Rattlesnake Canyon Trail is serpentine, but otherwise far more inviting than its name.
The joys of hiking the canyon were first promoted by none other than the Santa Barbara Chamber of Commerce. In 1902 the chamber built “Chamber of Commerce Trail,” an immediate success with both tourists and locals, though both trail and canyon continued to be called Rattlesnake.
In the 1960s, the city of Santa Barbara purchased the canyon as parkland. A handsome wooden sign at the foot of the canyon proudly proclaims: Rattlesnake Canyon Wilderness.
The canyon was severely burned in the Tea Fire of November 2008, but the chaparral community in particular has recovered quite well from the devastation. Red-berried toyon, manzanita with its white urn-shaped flowers, and purple hummingbird sage cloak the slopes.
DIRECTIONS TO THE RATTLESNAKE CANYON TRAILHEAD
In Santa Barbara, follow State Street to Los Olivos Street. Head east and proceed a half mile, passing by the Santa Barbara Mission and joining Mission Canyon Road. Follow this road past its intersection with Foothill Road and make a right on Las Canoas Road, continuing to the trailhead, located near the handsome stone bridge that crosses Rattlesnake Creek. Park alongside Las Canoas Road.
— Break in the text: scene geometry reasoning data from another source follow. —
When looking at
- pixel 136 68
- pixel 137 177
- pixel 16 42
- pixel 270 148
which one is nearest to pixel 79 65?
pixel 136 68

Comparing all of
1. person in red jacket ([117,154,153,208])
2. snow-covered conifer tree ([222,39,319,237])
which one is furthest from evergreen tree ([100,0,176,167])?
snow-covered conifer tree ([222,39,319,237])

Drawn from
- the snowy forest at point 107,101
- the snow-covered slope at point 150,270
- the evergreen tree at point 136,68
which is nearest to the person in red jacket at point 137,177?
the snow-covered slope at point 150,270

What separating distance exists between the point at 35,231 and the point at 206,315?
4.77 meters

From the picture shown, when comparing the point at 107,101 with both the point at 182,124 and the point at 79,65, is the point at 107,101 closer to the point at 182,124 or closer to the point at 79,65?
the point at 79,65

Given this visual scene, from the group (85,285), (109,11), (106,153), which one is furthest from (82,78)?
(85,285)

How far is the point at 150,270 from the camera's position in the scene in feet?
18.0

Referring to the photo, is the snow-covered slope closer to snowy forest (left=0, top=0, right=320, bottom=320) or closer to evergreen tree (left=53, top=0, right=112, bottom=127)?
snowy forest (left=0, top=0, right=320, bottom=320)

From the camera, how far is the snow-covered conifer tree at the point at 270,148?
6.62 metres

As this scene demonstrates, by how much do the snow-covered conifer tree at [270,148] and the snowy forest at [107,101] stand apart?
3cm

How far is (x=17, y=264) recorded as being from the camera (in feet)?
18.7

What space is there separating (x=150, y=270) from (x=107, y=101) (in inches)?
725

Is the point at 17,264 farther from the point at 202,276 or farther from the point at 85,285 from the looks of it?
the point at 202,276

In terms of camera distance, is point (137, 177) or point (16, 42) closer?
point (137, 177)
From the Rattlesnake Canyon Wilderness sign, head north and soon rock-hop across the creek. A brief ascent leads to a trail that parallels the east side of the creek.
After a half mile, an unsigned trail veers off to the right. (One of The Trailmaster’s favorite byways, this narrow path leads along and above the east bank of Rattlesnake Creek and reunites with the main trail in about a mile.)
Soon after the junction, the main trail draws near the creek and crosses it. The path then ascends past remnants of a small stand of planted pines and into the open for good vistas of coast and ocean. Continue to a creek crossing and notice (you can’t miss it, really) a large flat rock in the middle of the creek known by locals as “Lunch Rock.”
The trail crosses the creek again, continuing along the west bank to open, grassy Tin Can Meadow, named for a homesteader’s cabin constructed of chaparral framing and kerosene can shingles and sidings. For the first quarter of the 20th century, Tin Can Shack was a canyon landmark, mentioned in guidebooks of that era. A 1925 brushfire destroyed the shack.
The apex of the triangular-shaped meadow is a junction. The trail bearing left leads 0.75 mile and climbs 500 feet to an intersection with Tunnel Trail. To the right, Rattlesnake Canyon Trail climbs 0.75 mile and 500 feet to meet Gibraltar Road. The hiker’s reward is an unobstructed view of the South Coast.